WHAT TO WORK ON: Transcribe the full listing below exactly.

GIVEN RECORDS:
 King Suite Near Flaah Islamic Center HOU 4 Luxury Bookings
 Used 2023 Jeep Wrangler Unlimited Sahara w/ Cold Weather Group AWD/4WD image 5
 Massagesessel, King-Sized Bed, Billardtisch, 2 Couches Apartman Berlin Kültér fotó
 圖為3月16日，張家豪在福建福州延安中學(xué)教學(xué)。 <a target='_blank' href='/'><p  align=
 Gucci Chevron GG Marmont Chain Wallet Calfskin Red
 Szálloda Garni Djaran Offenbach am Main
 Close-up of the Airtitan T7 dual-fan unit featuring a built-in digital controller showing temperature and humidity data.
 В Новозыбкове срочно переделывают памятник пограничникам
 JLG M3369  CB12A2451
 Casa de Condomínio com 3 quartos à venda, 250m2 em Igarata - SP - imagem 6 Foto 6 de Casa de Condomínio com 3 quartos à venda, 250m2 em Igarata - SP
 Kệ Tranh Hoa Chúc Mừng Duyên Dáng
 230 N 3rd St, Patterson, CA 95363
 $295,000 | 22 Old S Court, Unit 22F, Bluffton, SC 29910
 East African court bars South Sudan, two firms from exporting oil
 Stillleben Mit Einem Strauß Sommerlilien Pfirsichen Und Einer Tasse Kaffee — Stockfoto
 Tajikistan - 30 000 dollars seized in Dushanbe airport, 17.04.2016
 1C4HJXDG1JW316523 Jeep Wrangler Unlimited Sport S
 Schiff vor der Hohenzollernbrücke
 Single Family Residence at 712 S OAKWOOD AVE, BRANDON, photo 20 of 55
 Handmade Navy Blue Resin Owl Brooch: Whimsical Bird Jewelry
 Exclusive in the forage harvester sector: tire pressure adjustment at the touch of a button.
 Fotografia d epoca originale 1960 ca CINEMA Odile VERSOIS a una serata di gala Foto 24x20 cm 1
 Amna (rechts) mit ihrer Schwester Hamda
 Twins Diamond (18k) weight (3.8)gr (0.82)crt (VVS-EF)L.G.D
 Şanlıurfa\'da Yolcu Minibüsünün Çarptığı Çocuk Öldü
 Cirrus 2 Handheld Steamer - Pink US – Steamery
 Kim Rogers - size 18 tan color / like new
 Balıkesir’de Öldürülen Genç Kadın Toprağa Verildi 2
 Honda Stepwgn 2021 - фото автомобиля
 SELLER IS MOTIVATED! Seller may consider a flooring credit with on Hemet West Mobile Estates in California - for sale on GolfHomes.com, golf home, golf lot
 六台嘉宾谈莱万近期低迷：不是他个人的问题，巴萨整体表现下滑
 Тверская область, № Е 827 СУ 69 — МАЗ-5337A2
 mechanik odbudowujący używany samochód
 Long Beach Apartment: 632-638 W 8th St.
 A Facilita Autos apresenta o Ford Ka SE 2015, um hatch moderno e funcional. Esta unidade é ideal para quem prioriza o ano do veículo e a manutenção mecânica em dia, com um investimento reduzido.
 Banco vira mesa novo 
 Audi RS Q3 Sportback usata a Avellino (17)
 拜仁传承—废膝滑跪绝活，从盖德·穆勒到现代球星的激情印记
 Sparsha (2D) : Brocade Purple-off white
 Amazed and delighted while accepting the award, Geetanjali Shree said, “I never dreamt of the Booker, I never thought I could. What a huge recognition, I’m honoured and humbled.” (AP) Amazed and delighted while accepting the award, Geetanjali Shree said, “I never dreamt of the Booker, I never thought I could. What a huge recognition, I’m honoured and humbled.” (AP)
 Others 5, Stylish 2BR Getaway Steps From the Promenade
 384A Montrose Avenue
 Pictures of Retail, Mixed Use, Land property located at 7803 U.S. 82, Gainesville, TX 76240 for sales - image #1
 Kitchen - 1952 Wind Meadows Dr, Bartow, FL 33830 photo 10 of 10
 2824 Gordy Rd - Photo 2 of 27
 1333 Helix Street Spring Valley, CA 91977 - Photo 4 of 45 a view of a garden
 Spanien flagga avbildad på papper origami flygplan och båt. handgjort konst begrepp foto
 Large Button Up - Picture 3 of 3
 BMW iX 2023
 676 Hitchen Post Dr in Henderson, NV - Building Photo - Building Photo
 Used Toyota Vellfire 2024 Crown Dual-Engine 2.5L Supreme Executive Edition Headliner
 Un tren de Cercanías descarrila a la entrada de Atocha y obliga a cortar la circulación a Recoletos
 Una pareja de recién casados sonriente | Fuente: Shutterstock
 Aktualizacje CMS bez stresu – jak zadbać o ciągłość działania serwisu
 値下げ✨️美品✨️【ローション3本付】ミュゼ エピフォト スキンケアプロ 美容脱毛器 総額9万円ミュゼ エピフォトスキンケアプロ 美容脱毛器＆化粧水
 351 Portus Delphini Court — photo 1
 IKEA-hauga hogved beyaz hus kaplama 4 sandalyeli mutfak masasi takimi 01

SOLUTION FOR THIS PROBLEM:
 King Suite Near Flaah Islamic Center HOU 4 Luxury Bookings
 Used 2023 Jeep Wrangler Unlimited Sahara w/ Cold Weather Group AWD/4WD image 5
 Massagesessel, King-Sized Bed, Billardtisch, 2 Couches Apartman Berlin Kültér fotó
 圖為3月16日，張家豪在福建福州延安中學(xué)教學(xué)。 <a target='_blank' href='/'><p  align=
 Gucci Chevron GG Marmont Chain Wallet Calfskin Red
 Szálloda Garni Djaran Offenbach am Main
 Close-up of the Airtitan T7 dual-fan unit featuring a built-in digital controller showing temperature and humidity data.
 В Новозыбкове срочно переделывают памятник пограничникам
 JLG M3369  CB12A2451
 Casa de Condomínio com 3 quartos à venda, 250m2 em Igarata - SP - imagem 6 Foto 6 de Casa de Condomínio com 3 quartos à venda, 250m2 em Igarata - SP
 Kệ Tranh Hoa Chúc Mừng Duyên Dáng
 230 N 3rd St, Patterson, CA 95363
 $295,000 | 22 Old S Court, Unit 22F, Bluffton, SC 29910
 East African court bars South Sudan, two firms from exporting oil
 Stillleben Mit Einem Strauß Sommerlilien Pfirsichen Und Einer Tasse Kaffee — Stockfoto
 Tajikistan - 30 000 dollars seized in Dushanbe airport, 17.04.2016
 1C4HJXDG1JW316523 Jeep Wrangler Unlimited Sport S
 Schiff vor der Hohenzollernbrücke
 Single Family Residence at 712 S OAKWOOD AVE, BRANDON, photo 20 of 55
 Handmade Navy Blue Resin Owl Brooch: Whimsical Bird Jewelry
 Exclusive in the forage harvester sector: tire pressure adjustment at the touch of a button.
 Fotografia d epoca originale 1960 ca CINEMA Odile VERSOIS a una serata di gala Foto 24x20 cm 1
 Amna (rechts) mit ihrer Schwester Hamda
 Twins Diamond (18k) weight (3.8)gr (0.82)crt (VVS-EF)L.G.D
 Şanlıurfa\'da Yolcu Minibüsünün Çarptığı Çocuk Öldü
 Cirrus 2 Handheld Steamer - Pink US – Steamery
 Kim Rogers - size 18 tan color / like new
 Balıkesir’de Öldürülen Genç Kadın Toprağa Verildi 2
 Honda Stepwgn 2021 - фото автомобиля
 SELLER IS MOTIVATED! Seller may consider a flooring credit with on Hemet West Mobile Estates in California - for sale on GolfHomes.com, golf home, golf lot
 六台嘉宾谈莱万近期低迷：不是他个人的问题，巴萨整体表现下滑
 Тверская область, № Е 827 СУ 69 — МАЗ-5337A2
 mechanik odbudowujący używany samochód
 Long Beach Apartment: 632-638 W 8th St.
 A Facilita Autos apresenta o Ford Ka SE 2015, um hatch moderno e funcional. Esta unidade é ideal para quem prioriza o ano do veículo e a manutenção mecânica em dia, com um investimento reduzido.
 Banco vira mesa novo 
 Audi RS Q3 Sportback usata a Avellino (17)
 拜仁传承—废膝滑跪绝活，从盖德·穆勒到现代球星的激情印记
 Sparsha (2D) : Brocade Purple-off white
 Amazed and delighted while accepting the award, Geetanjali Shree said, “I never dreamt of the Booker, I never thought I could. What a huge recognition, I’m honoured and humbled.” (AP) Amazed and delighted while accepting the award, Geetanjali Shree said, “I never dreamt of the Booker, I never thought I could. What a huge recognition, I’m honoured and humbled.” (AP)
 Others 5, Stylish 2BR Getaway Steps From the Promenade
 384A Montrose Avenue
 Pictures of Retail, Mixed Use, Land property located at 7803 U.S. 82, Gainesville, TX 76240 for sales - image #1
 Kitchen - 1952 Wind Meadows Dr, Bartow, FL 33830 photo 10 of 10
 2824 Gordy Rd - Photo 2 of 27
 1333 Helix Street Spring Valley, CA 91977 - Photo 4 of 45 a view of a garden
 Spanien flagga avbildad på papper origami flygplan och båt. handgjort konst begrepp foto
 Large Button Up - Picture 3 of 3
 BMW iX 2023
 676 Hitchen Post Dr in Henderson, NV - Building Photo - Building Photo
 Used Toyota Vellfire 2024 Crown Dual-Engine 2.5L Supreme Executive Edition Headliner
 Un tren de Cercanías descarrila a la entrada de Atocha y obliga a cortar la circulación a Recoletos
 Una pareja de recién casados sonriente | Fuente: Shutterstock
 Aktualizacje CMS bez stresu – jak zadbać o ciągłość działania serwisu
 値下げ✨️美品✨️【ローション3本付】ミュゼ エピフォト スキンケアプロ 美容脱毛器 総額9万円ミュゼ エピフォトスキンケアプロ 美容脱毛器＆化粧水
 351 Portus Delphini Court — photo 1
 IKEA-hauga hogved beyaz hus kaplama 4 sandalyeli mutfak masasi takimi 01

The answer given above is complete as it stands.